Category Archives: Foreign Policy

US Interventionism In-Action: Fighting Both With And Against Iran

Foreign Policy, Iran

Foreign policy confusion is in part a consequence of intervening everywhere. The US can’t get its story straight. NBC’s Richard Engel, an excellent foreign policy correspondent of the Arwa Damon caliber, was on the nose when he recently said the following:

the Obama Administration’s foreign policy toward Iran … seems “convoluted” and “incoherent” at best, given the fact that the U.S. seems to be contradicting itself in its support and opposition to Iran in a number of countries.

Engel explained how the U.S. is fighting both with and against Iran in Syria, which he said is “an incredibly convoluted dynamic.” He said that while the U.S. is negotiating with Iran over its nuclear program, it is supporting the fight against Iran in Yemen, where Iran-backed Houthi rebels recently forced out that country’s president and Saudi Arabia launched air strikes against them in retaliation.

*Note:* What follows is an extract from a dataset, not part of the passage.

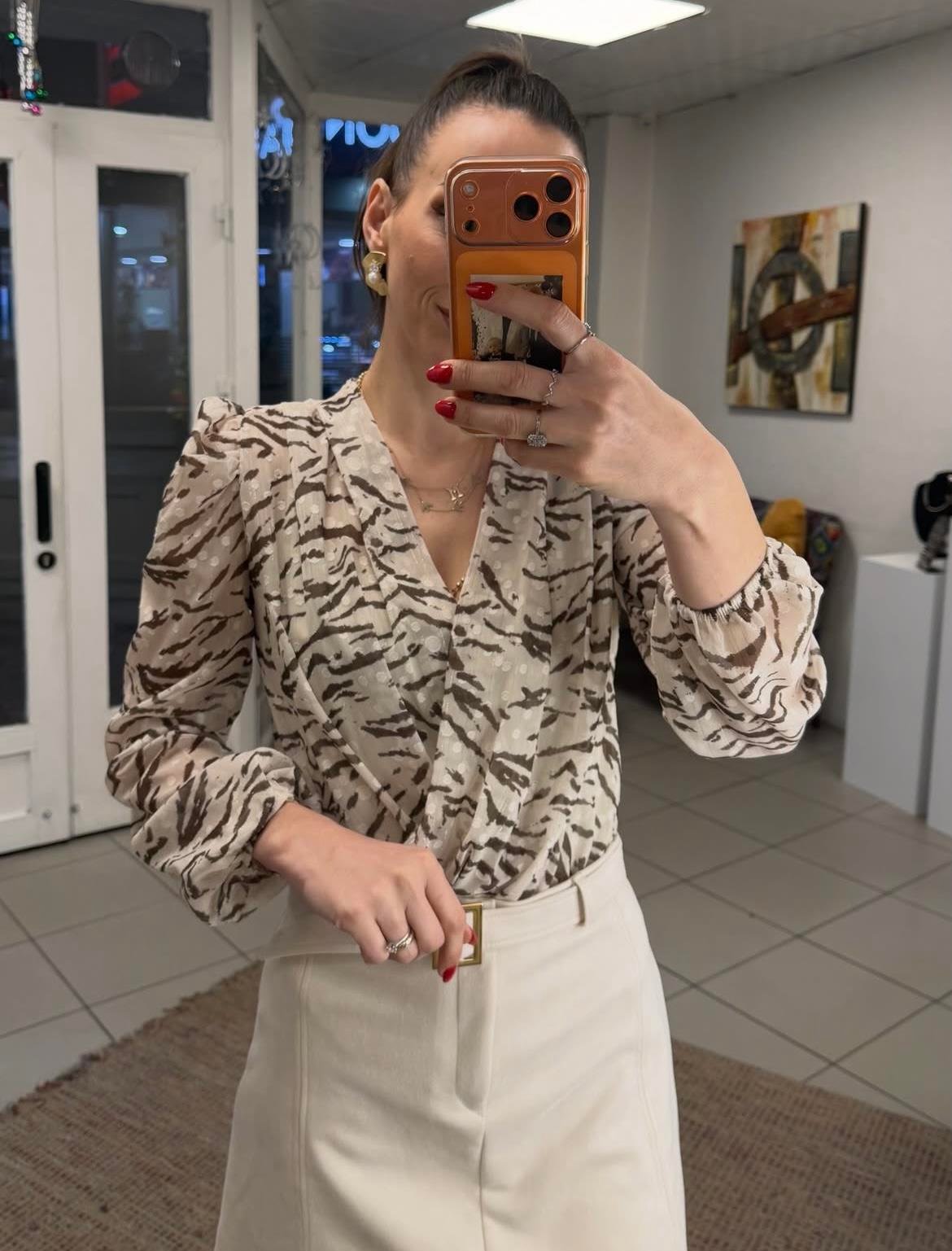 GÖMLEK - ZEBRA DESENLİ BODYSUIT GÖMLEK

“We’re fighting both with and against Iran in Syria, and fighting with Iran in Iraq,” Engel said. “There are many people who I’ve spoken to — many in the military, many policy analysts — who say that what we’re seeing here is an incoherent policy regarding not just Iran, but regarding the Middle East in general.”

Engel also said many in the military were “taken by surprise” when Saudi Arabia started bombing Yemen because they did not “consult extensively” with the U.S. military.

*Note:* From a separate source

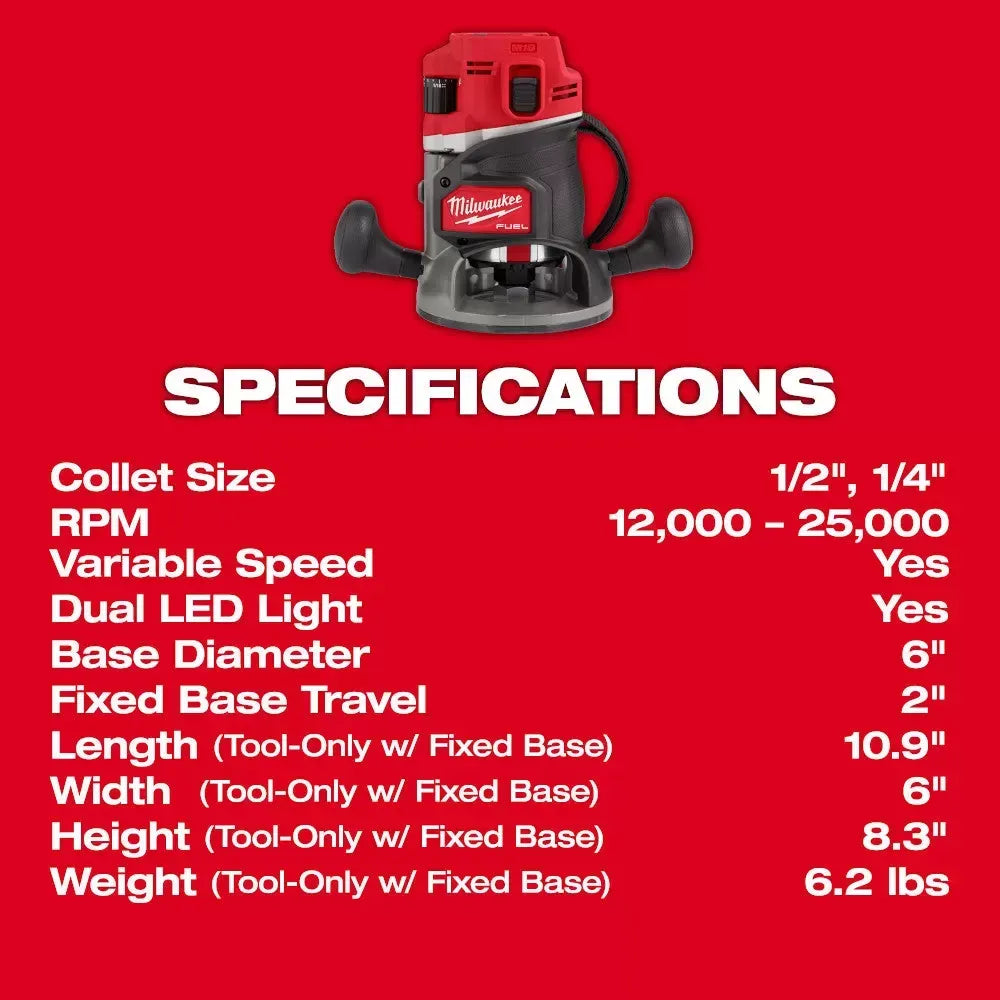 Milwaukee 2838-20 M18 FUEL 18V 1/2" Cordless Lithium-Ion Router - Bare Tool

“Senior officials who would have been expected to know that there was going to be an operation in Yemen, they didn’t,” Engel added. “They were finding out about it almost in real time.”

About one thing Engel is wrong: US foreign policy is not newly “incoherent” and “convoluted” since Barack Obama. Did the CIA not back a coup in 1953 against Mohammad Mosaddegh, the Prime Minister of Iran, even though he was democratically elected? Did we not back the Mujaheddin against Russia in Afghanistan, before the former morphed into the Taliban and al-Qaida? Did George Bush’s puppet government in Iraq not turn to its coreligionists in Iran soon after it was ensconced? Are our people and diplomats not under frequent attack (such as in South Korea, Okinawa, on and on), due to blowback over the perception that the US bestrides the world like an arrogant colossus?

MORE Engel.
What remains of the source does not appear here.